But while many startup leaders are kickstarting these first few months with a refreshed focus on hiring, that tank full of shiny new year energy and enthusiasm often quickly runs out of gas. Newly promoted managers, old hats, and founders with fresh rounds of funding all eventually run into the same speed bump: hiring at early-stage startups is hard.
More specifically, it's a time consuming, nose-to-tail process. As cold outreach emails fly out, applications pour in and onsite logistics multiply, the experience of running a hiring process quickly morphs from a side gig to a seemingly full-time endeavor that monopolizes attention and clogs inboxes. From crafting job descriptions and building balanced candidate pipelines to sifting through impactful interview questions and dialing up references, every step requires careful consideration — and presents plenty of opportunities for process to unravel and dream candidates to slip away.

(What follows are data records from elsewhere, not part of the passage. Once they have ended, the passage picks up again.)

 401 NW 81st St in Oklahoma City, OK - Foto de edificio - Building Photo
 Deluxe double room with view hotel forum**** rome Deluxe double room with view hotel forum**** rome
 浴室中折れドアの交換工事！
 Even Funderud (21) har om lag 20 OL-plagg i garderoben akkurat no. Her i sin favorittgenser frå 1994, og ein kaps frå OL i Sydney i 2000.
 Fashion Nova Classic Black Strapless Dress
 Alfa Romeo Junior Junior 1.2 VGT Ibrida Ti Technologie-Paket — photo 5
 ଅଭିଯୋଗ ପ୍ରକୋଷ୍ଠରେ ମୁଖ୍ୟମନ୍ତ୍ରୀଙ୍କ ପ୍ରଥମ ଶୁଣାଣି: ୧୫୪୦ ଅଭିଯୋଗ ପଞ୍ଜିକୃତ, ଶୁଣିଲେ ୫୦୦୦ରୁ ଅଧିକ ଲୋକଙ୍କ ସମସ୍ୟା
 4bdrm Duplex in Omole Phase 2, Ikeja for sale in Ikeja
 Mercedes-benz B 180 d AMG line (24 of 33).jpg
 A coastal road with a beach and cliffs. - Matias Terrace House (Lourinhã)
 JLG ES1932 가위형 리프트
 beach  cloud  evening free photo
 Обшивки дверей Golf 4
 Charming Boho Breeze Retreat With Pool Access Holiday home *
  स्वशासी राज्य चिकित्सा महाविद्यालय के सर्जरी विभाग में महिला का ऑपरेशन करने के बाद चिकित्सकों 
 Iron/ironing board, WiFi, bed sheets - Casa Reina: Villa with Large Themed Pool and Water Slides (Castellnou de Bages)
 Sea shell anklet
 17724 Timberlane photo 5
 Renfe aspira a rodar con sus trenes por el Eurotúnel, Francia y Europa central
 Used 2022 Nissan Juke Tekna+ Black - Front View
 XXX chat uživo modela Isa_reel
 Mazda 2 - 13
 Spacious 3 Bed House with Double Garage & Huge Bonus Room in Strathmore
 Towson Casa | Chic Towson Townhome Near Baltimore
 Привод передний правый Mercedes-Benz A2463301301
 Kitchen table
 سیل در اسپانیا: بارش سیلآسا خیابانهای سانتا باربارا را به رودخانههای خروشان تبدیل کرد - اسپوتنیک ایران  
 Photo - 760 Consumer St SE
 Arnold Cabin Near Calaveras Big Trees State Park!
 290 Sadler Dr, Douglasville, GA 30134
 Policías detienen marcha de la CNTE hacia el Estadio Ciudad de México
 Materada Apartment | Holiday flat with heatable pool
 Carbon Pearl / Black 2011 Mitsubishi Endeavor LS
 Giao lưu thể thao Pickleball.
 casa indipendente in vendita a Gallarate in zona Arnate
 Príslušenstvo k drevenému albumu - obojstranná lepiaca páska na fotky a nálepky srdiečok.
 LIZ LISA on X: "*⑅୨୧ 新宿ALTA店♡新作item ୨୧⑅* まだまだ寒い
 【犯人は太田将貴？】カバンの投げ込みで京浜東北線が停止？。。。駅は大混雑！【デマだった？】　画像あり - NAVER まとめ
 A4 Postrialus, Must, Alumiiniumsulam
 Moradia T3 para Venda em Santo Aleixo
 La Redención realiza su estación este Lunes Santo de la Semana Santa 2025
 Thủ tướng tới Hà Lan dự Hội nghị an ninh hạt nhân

It’s no surprise then that managers and founders are constantly on the hunt for hiring hacks to ease the load. To help out where we can, we’ve rounded up six must reads with thoughtful advice, intentional strategies and a smattering of unconventional tactics to present a package of practices for every stage of the hiring process.
Read on for wisdom from those who’ve beaten down the recruiting path and come out the other side with a fresh perspective. We hope you can draw inspiration from their habits as you tinker with your own hiring efforts and look to deepen your well of motivation for all the months that still lie ahead.
1. Go on a hike to set your hiring vision and give out tests, not pop quizzes.
Dan Pupius spent six years at Google before moving on, first to Medium as Head of Engineering and then venturing out as co-founder and CEO of Range. But to this day, Pupius feels that he snuck through Google’s intensive interview process. And his experience recruiting others to join the tech giant validated this feeling, as he observed plenty of false negatives (people who could have been amazing contributors) and false positives (candidates who checked all the academic and meritocratic boxes but weren't the right fit after all). That’s why he and his colleagues at both Medium and Range set out to craft meticulous hiring rubrics and remove blind spots from their respective recruiting systems. The unexpected part was that they ended up relying on the principles of product development along the way.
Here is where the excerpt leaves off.